More preferably, the drill bit with the core barrel is by threaded connection mode fixed connection, the link is equipped with the external screw thread, the core barrel is equipped with the internal thread.

More preferably, the length of the cylindrical inner bore is the length of the connection end plus 15 mm.

More preferably, 8U-shaped water tanks are uniformly distributed on the annular end surface of the front end.

More preferably, the drill bit is made of polytetrafluoroethylene or polypropylene material, namely PTFE or PP material.

More preferably, the drill bit has a wall thickness L1 of 7 mm at the end corresponding to the connection end, a wall thickness L2 of 17 mm at the inner cylindrical bore corresponding to the leading end, and a wall thickness L3 of 12 mm at each tooth.

The invention has the beneficial effects that:

the application of the invention can efficiently probe underground pipelines, and the probe holes have high verticality and good integrity of the hole walls, and the probe holes meeting the pipelines can be directly used as verification holes; the diameter of the exploration hole is phi 120mm, so that the down-dip pipe is convenient, and the position of the pipeline can be determined more accurately.

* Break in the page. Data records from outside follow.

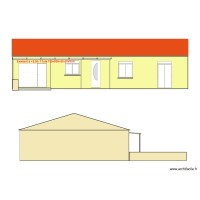 NIEUL Fa&ccedil;ade Ouest Auvent voiture 3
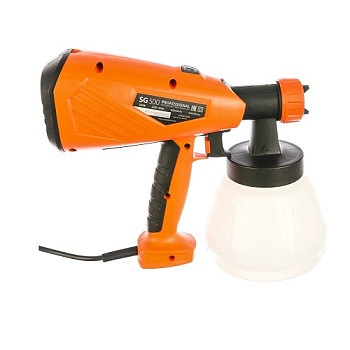 Краскопульт электрический PATRIOT SG 550  2,6мм 500Вт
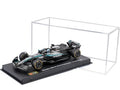 Bburago 18-38238 GR Formula F 1 2025 Mercedes Benz AMG W16 1:43 with Show Case #63 George Russell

The conception, the specific structure and the technical effects of the present invention will be further described with reference to the accompanying drawings to fully understand the objects, the features and the effects of the present invention.

Drawings

Fig. 1 shows a schematic view of a cut-out soil section of a prior art pipeline probe using a conventional drilling method.

Fig. 2 is a schematic diagram showing a cross section of an excavated soil layer obtained by performing pipeline probing by using a water-jet method in the prior art.

Fig. 3 shows a schematic structural diagram of a plastic drill according to an embodiment of the present invention.

Fig. 4 shows a schematic structural view of the front end face of the plastic drill according to an embodiment of the present invention.

Fig. 5 is a schematic diagram illustrating a section of a soil layer excavated in the construction process according to an embodiment of the present invention.

Detailed Description

Examples

As shown in fig. 5, the pipeline probing construction method for effectively preventing the underground pipeline from being damaged comprises the following steps:

step one, determining the range in which a pipeline possibly exists according to construction requirements, and selecting a central position in the range to carry out open hole drilling;

connecting the opening of the rock core pipe 5 to a plain soil filling layer or an original soil layer by using a hard alloy drill bit or a composite bit;

step three, replacing the hard alloy drill bit or the composite sheet drill bit with a plastic drill bit, and connecting the plastic drill bit with a rock core pipe 5 matched with the drilling machine through threads;

step four, adjusting drilling parameters of the drilling machine; rotary drilling by adopting flushing fluid, and lifting the drill once every 2m to 3 m; when the sediment and the waste soil in the hole are thick, adopting a non-feeding flushing liquid to carry out rotary drilling, and continuing drilling after the sediment and the waste soil in the hole are all fished out;

step five, observing the reaction of the drilling machine: if no footage exists for more than 2 minutes, obvious rebound feeling exists, and the upward flushing fluid contains the scraps of the plastic drill bit, the pipeline can be determined to meet, and the plastic drill bit is lifted to finish the pipeline probing at the position; if the reaction is not carried out, executing a step six;

step six: if the underground pipeline is not encountered after the preset depth is reached, lifting the plastic drill bit, putting down the geophysical prospecting instrument for detecting, and repeating the steps from the first step to the fifth step after the position of the pipeline is further determined.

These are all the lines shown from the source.